[Records drawn from a dataset]
#####

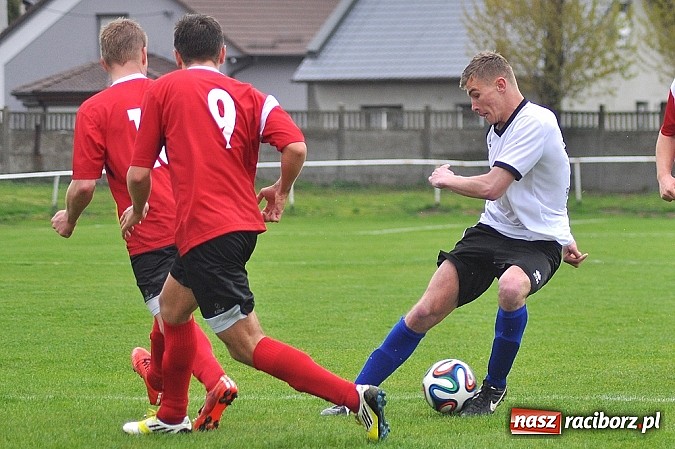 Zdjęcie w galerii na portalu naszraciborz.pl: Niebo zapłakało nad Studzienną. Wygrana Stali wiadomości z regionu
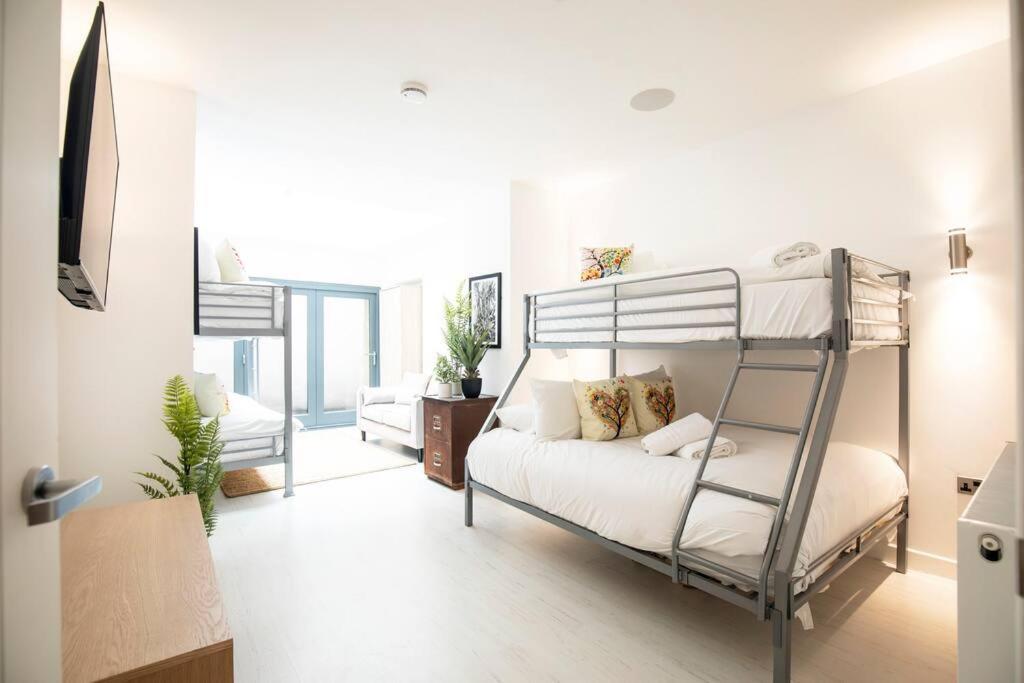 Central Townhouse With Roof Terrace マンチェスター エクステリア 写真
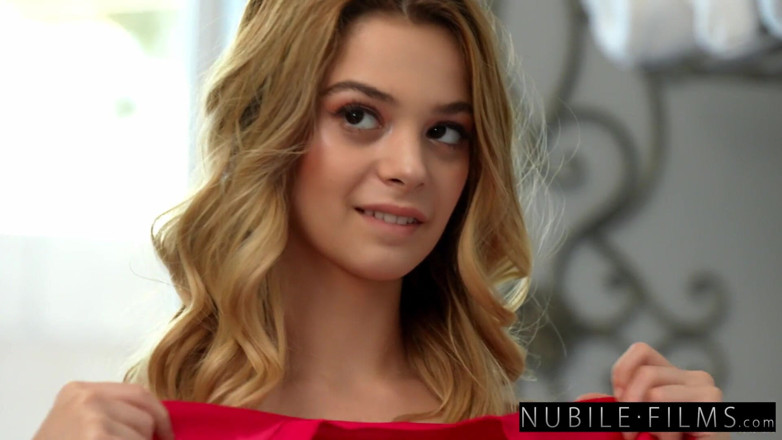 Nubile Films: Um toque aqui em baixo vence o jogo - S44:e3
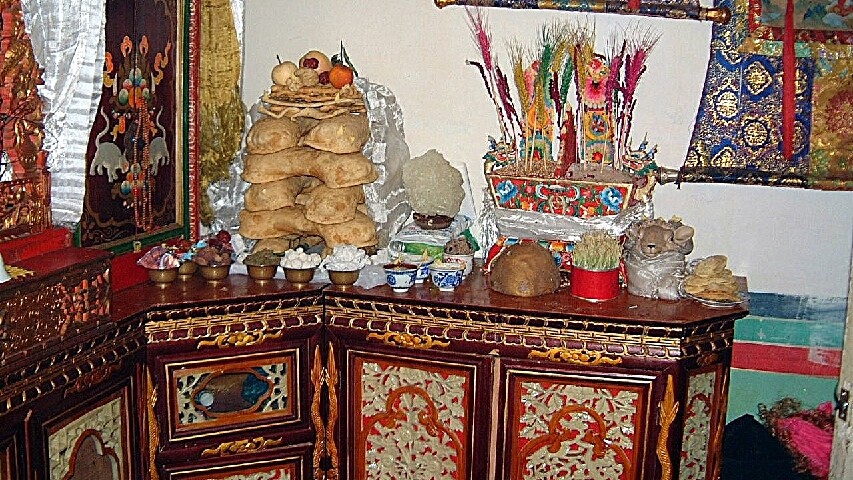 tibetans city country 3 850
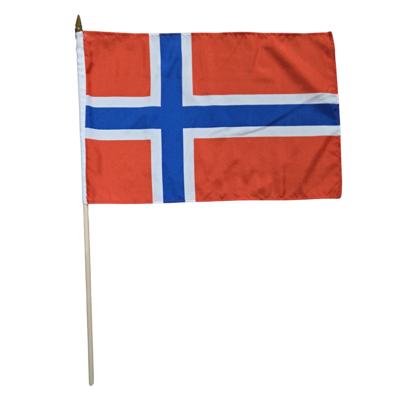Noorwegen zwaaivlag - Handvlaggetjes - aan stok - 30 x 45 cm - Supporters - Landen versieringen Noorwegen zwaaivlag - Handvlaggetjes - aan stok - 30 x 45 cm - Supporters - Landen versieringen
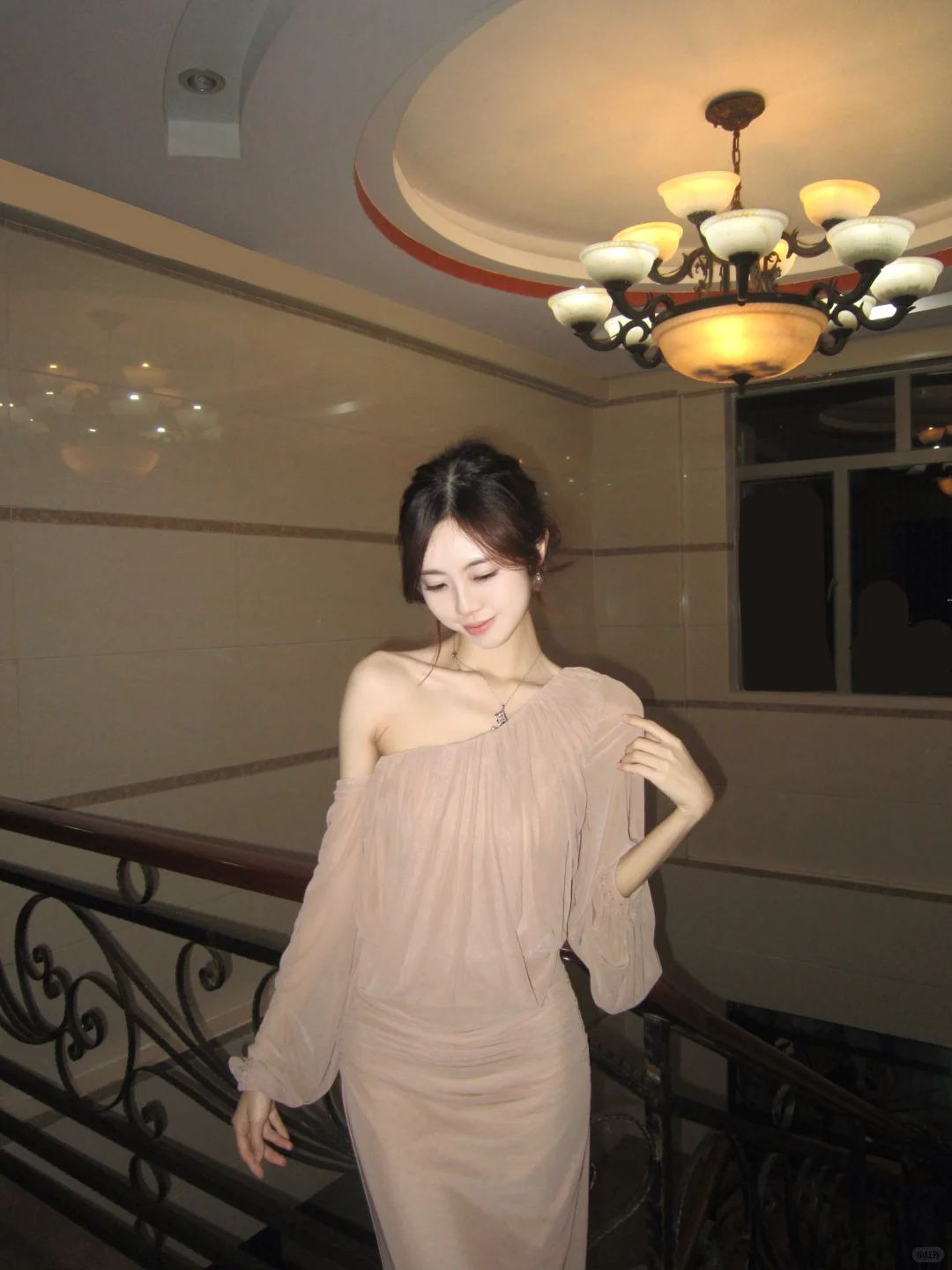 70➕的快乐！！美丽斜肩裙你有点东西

#####

* **TASK REQUIREMENTS**:
Print the data above exactly, minus pictures.

* **REPLY**:
 Zdjęcie w galerii na portalu naszraciborz.pl: Niebo zapłakało nad Studzienną. Wygrana Stali wiadomości z regionu
 Central Townhouse With Roof Terrace マンチェスター エクステリア 写真
 Nubile Films: Um toque aqui em baixo vence o jogo - S44:e3
 tibetans city country 3 850
Noorwegen zwaaivlag - Handvlaggetjes - aan stok - 30 x 45 cm - Supporters - Landen versieringen Noorwegen zwaaivlag - Handvlaggetjes - aan stok - 30 x 45 cm - Supporters - Landen versieringen
 70➕的快乐！！美丽斜肩裙你有点东西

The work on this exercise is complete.